2015 11 - Sports Photography

06th November 2015
Retford & District Photographic Society - Press Release - Joy Allison
5th November 2015
Images by Steve Bond

Sporting Action

Unusually our last two speakers covered topics requiring similar photographic skills. Gary Bailey spoke about action photography in relation to motor sport while freelance photographer Steve Bond has a diverse portfolio which supports his work on cricket, football and rugby.

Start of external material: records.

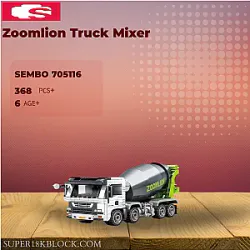 SEMBO 705116 Zoomlion Truck Mixer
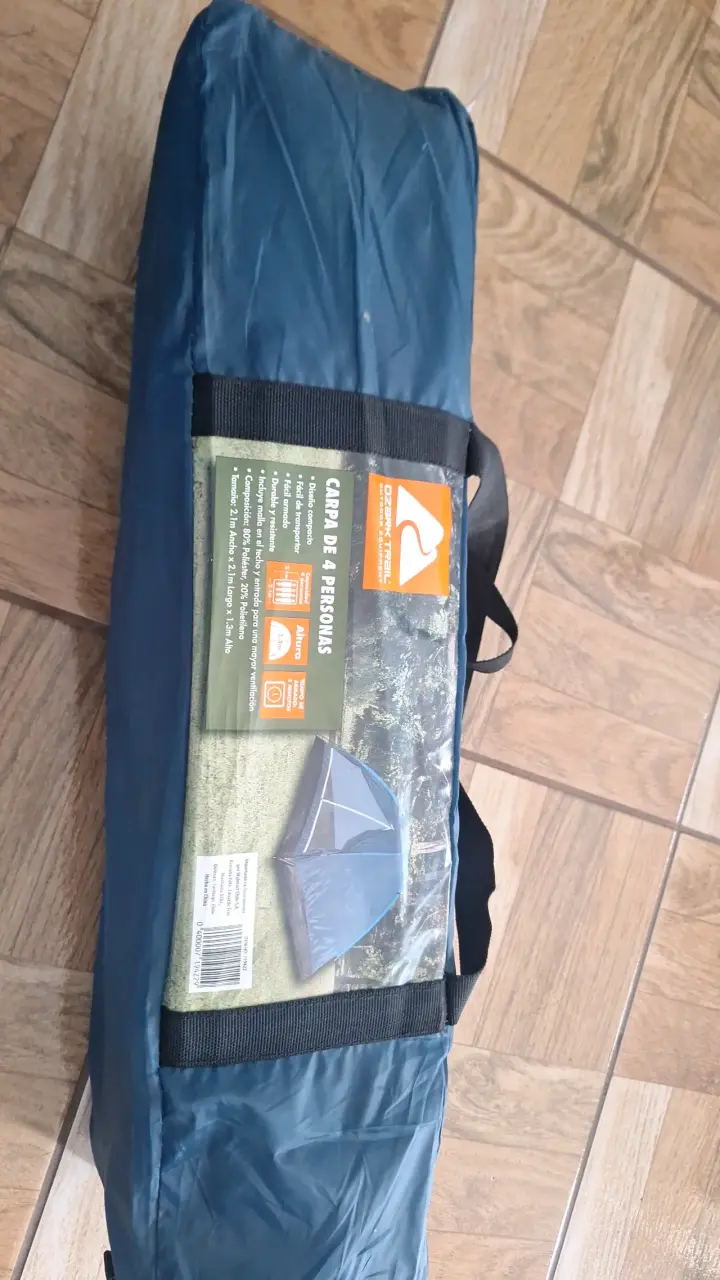 Carpa de 4 personas Ozark Trail azul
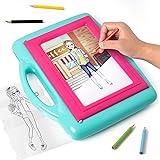 Zyerch Light Up Tracing Pad, Fashion Design Activity Kit for Girls, Eye-Soft Technology, 5 Colored Pencils, Gifts for Childre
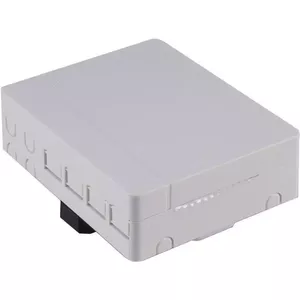 ShiverPeaks 07-65001 optiskās šķiedras sadales kārba, 4 porti, ABS, balta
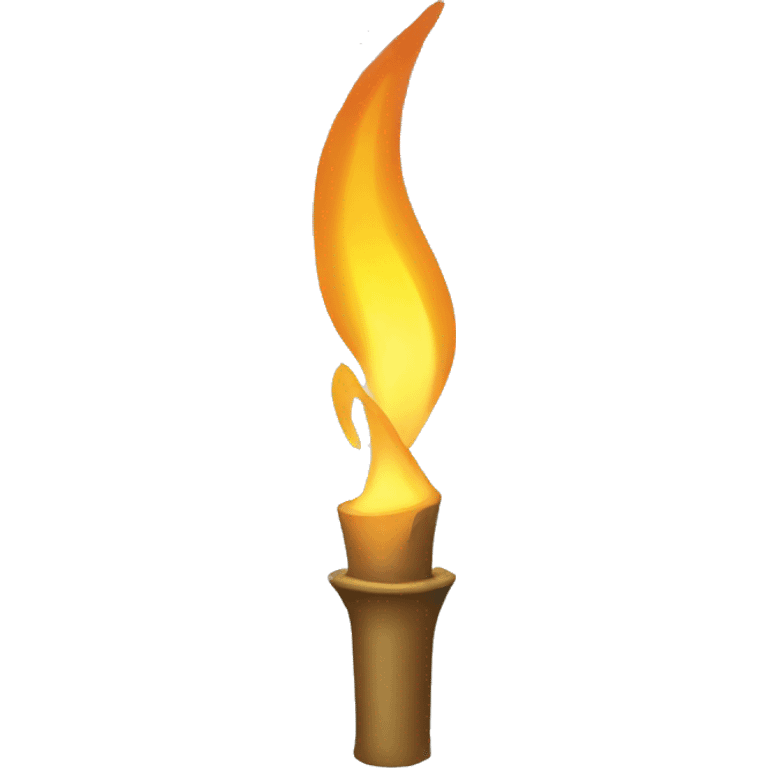 torch pass to the right emoji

Their common theme was the importance of taking pictures with impact and standing out by being different. This comes from knowing the game and reading what is liable to happen. Lucky shots are the result of a lot of work, preparation, planning and awareness combined with great familiarity with the camera and ability to change settings quickly. ‘Practice makes perfect’ might be better expressed in photography terms as ‘practice makes permanent’. Becoming very familiar with good techniques and camera functions enable you to follow the action, but repeatedly getting it wrong will train in bad habits.

An early entrant in the digital market, Gary spent a fortune on what he described as an ‘appalling’ camera. Today’s technology has eliminated the long delay from pressing the button to the clonk of the shutter – 3.5 seconds in Gary’s case. To successfully photograph action then every frame had to count as high speed shooting was a distant dream. Gary credits this apprenticeship with training him to work to get things right first time.

Both men know the shot they are looking for, while being prepared for the unexpected. Both commented on waterproofing both cameraman and kit. Steve particularly laments the lack of waterproofing for a laptop as he is continuously downloading his images and annotating them. Prime lenses are good if you can predict the action point closely. While zoom lenses may not be quite as good across their whole range, they allow very quick recomposition and their versatility may make them much better. Remote triggers may help to place a camera where a person could not be and a polarising filter can enable the shot to show a driver’s eyes through a windscreen by cutting out glare.

All action photography is designed to tell a story and the focussing is critical to this. Whether their target market is the competitors buying their action images, a sponsor, a club or the press, there will be requirements to meet. First and foremost what is supposed to be sharp must be sharp, but properly executed the choice of what to include in the background is what makes or breaks the story. Steve told how he may work for a sponsor on a commission where including their branding, but not competitors’, is vital, while for other markets branding will not be accepted at all. We learned that umbrellas – a common sight on cricket grounds - can ruin an otherwise saleable shot if they carry logos.

Gary works with a predicted point of action where he his story will unfold - a corner, a chicane or a wide track view including stands and background. He will pre-focus on the point where he aims to shoot and use back button focussing to set up for a shot and then just take it when the moment comes.

Steve faces totally different issues on a pitch, regardless of the sport. The action may be on the ball or off it and it is impossible to predict where something newsworthy will occur. He cannot make every frame count as the best shots are unknown until they happen. He will capture every ball bowled at a cricket match, but very few will show the shots the press want to see - the tumbling wickets, amazing catch or celebrations. Brilliant shot captured, he then has to be the first to get it into the public arena to have a chance of selling it.

Fast shutter speeds produce sharp images and both men shared the optimal speeds for their sports. Thought of as a slow game, cricket shots demand very high speeds to get a sharp image of the ball. Football and rugby are played in very bad weather where the camera struggles. Cricket, especially overseas, can take place in brilliant sunshine yet good images of white clothing are essential. Both situations can create a real challenge.

The solutions both photographers use come from knowing the image they want to capture and working out how to achieve it. As so many other speakers have said, a low viewpoint often works well, giving a different perspective. Steve also likes a slightly raised viewpoint which enables him to set cricketers against the green of the pitch rather than the confusing colours around the ground. One day and floodlit cricket bring different challenges with their coloured strips and different lighting.

The key rule of cropping is that if something doesn’t add to the story, it takes away and should be removed if possible - in camera ideally and if not later by cropping. As Gary pointed out, the background can be 80% of the image, yet it seldom receives that amount of the planning.

Steve uses specialist agents to place his work in the market and track the use of his images. They will be offering his images to the press within minutes of an incident or key action at a match as he continuously shoots, downloads and sends images which have had minimal work after capture.

During his talk Steve also gave an insight into the life of a freelance photographer, taking shots off pitch of the crowd, individuals, venues and shots which might be used by publishers as stock in addition to weekday work in totally different genres to complement his weekend sports. He showed some stunning wildlife shots and even showed how he had made a pork pie look glamorous in a food shoot. He seems destined to return with more of this side of his portfolio.